# [ACTIVITY]
Please give an exact printout of the records, without any pictures.

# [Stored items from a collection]
━━━━━━━━━━
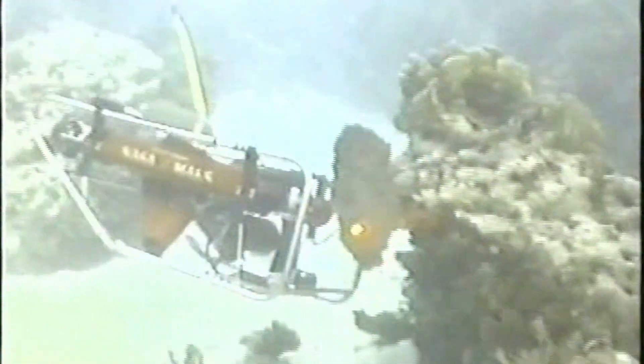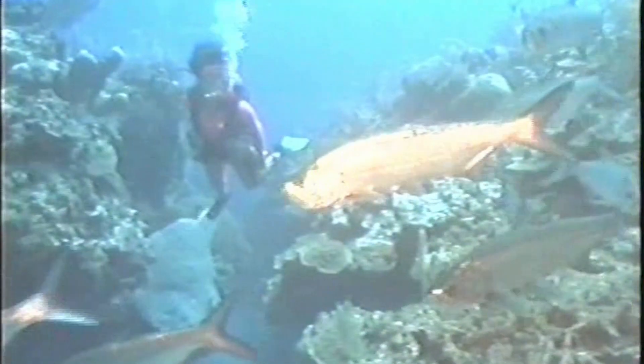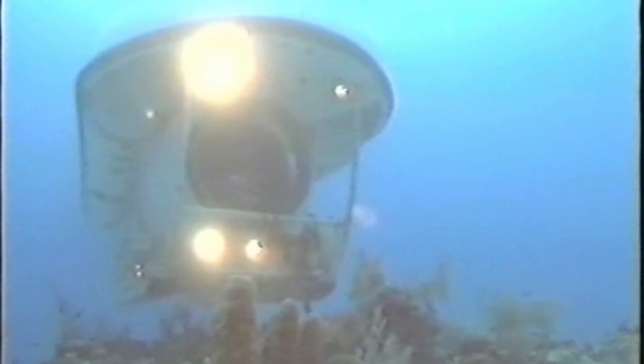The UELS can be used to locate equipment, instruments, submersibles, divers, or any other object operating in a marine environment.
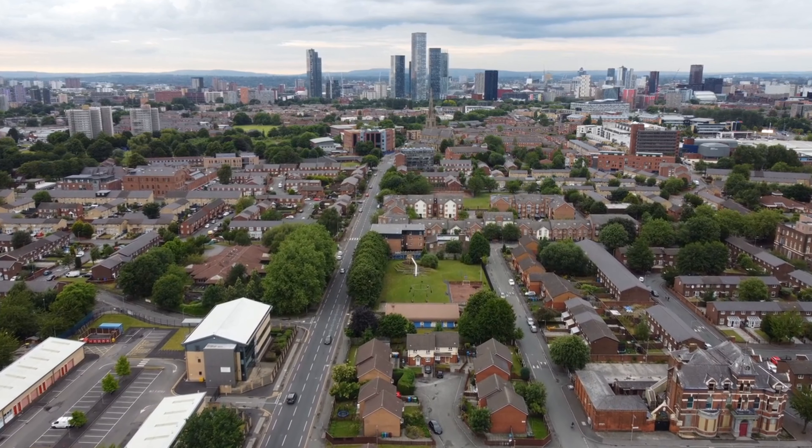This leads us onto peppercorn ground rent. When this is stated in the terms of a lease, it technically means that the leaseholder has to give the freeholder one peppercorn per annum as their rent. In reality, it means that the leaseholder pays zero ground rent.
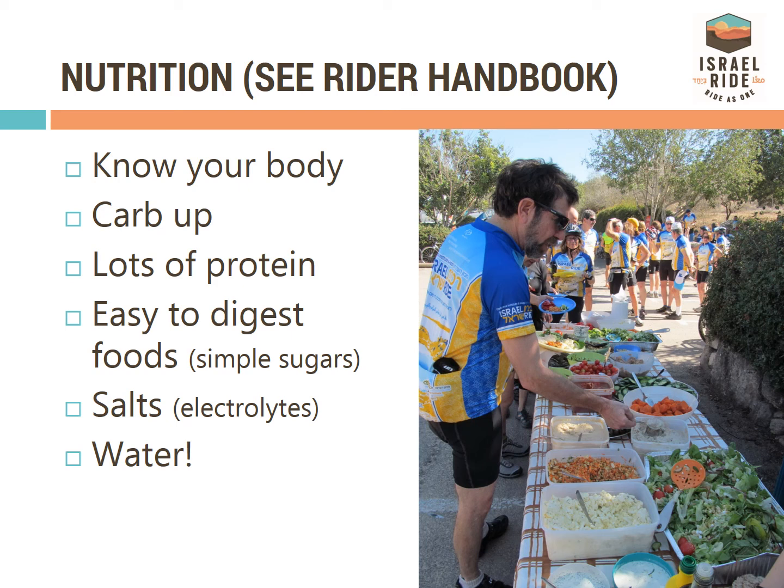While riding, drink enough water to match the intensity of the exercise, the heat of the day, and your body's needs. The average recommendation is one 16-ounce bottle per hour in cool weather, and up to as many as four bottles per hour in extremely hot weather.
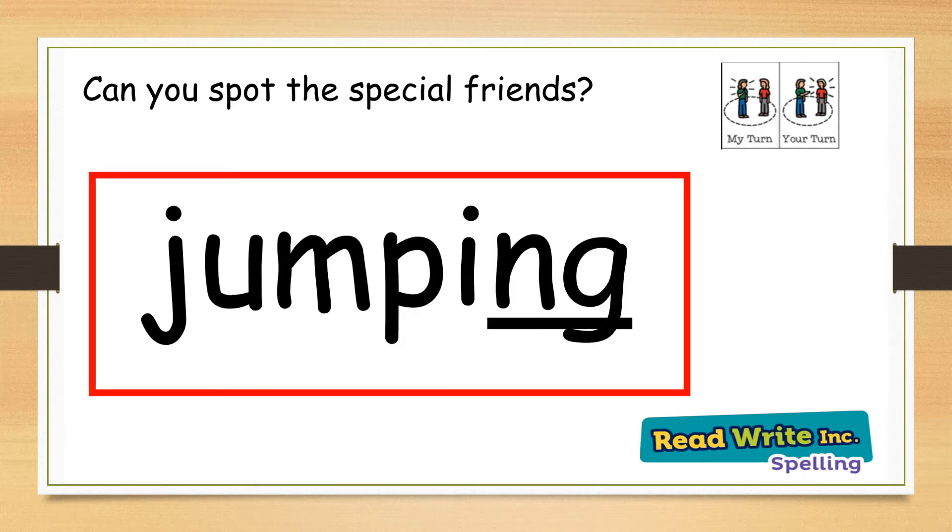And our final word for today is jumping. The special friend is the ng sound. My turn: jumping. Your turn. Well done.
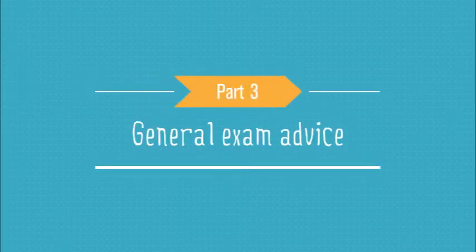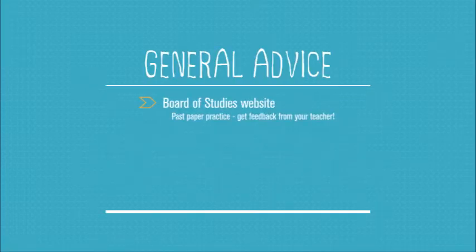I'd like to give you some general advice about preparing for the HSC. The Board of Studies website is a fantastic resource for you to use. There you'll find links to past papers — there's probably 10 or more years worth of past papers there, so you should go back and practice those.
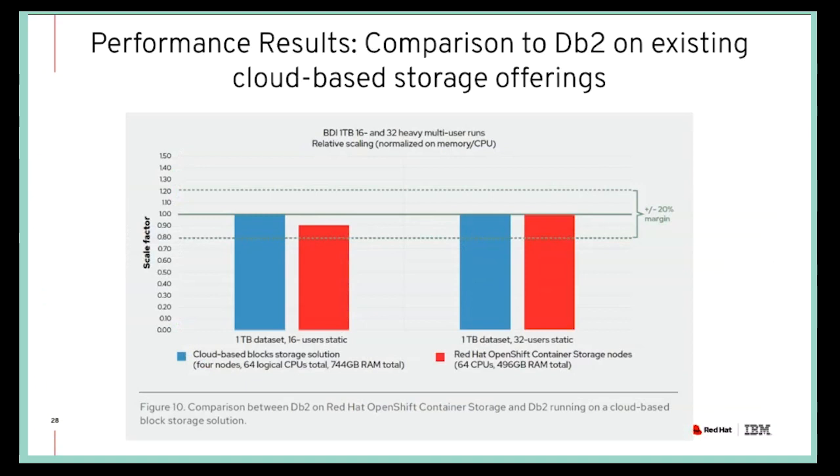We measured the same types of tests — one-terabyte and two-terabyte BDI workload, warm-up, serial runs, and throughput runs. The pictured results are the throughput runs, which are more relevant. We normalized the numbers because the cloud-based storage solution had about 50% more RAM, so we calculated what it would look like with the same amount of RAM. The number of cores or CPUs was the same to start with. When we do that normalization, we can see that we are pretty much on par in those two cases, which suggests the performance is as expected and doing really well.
━━━━━━━━━━
# [REPLY TO THE EXERCISE]
The UELS can be used to locate equipment, instruments, submersibles, divers, or any other object operating in a marine environment.
This leads us onto peppercorn ground rent. When this is stated in the terms of a lease, it technically means that the leaseholder has to give the freeholder one peppercorn per annum as their rent. In reality, it means that the leaseholder pays zero ground rent.
While riding, drink enough water to match the intensity of the exercise, the heat of the day, and your body's needs. The average recommendation is one 16-ounce bottle per hour in cool weather, and up to as many as four bottles per hour in extremely hot weather.
And our final word for today is jumping. The special friend is the ng sound. My turn: jumping. Your turn. Well done.
I'd like to give you some general advice about preparing for the HSC. The Board of Studies website is a fantastic resource for you to use. There you'll find links to past papers — there's probably 10 or more years worth of past papers there, so you should go back and practice those.
We measured the same types of tests — one-terabyte and two-terabyte BDI workload, warm-up, serial runs, and throughput runs. The pictured results are the throughput runs, which are more relevant. We normalized the numbers because the cloud-based storage solution had about 50% more RAM, so we calculated what it would look like with the same amount of RAM. The number of cores or CPUs was the same to start with. When we do that normalization, we can see that we are pretty much on par in those two cases, which suggests the performance is as expected and doing really well.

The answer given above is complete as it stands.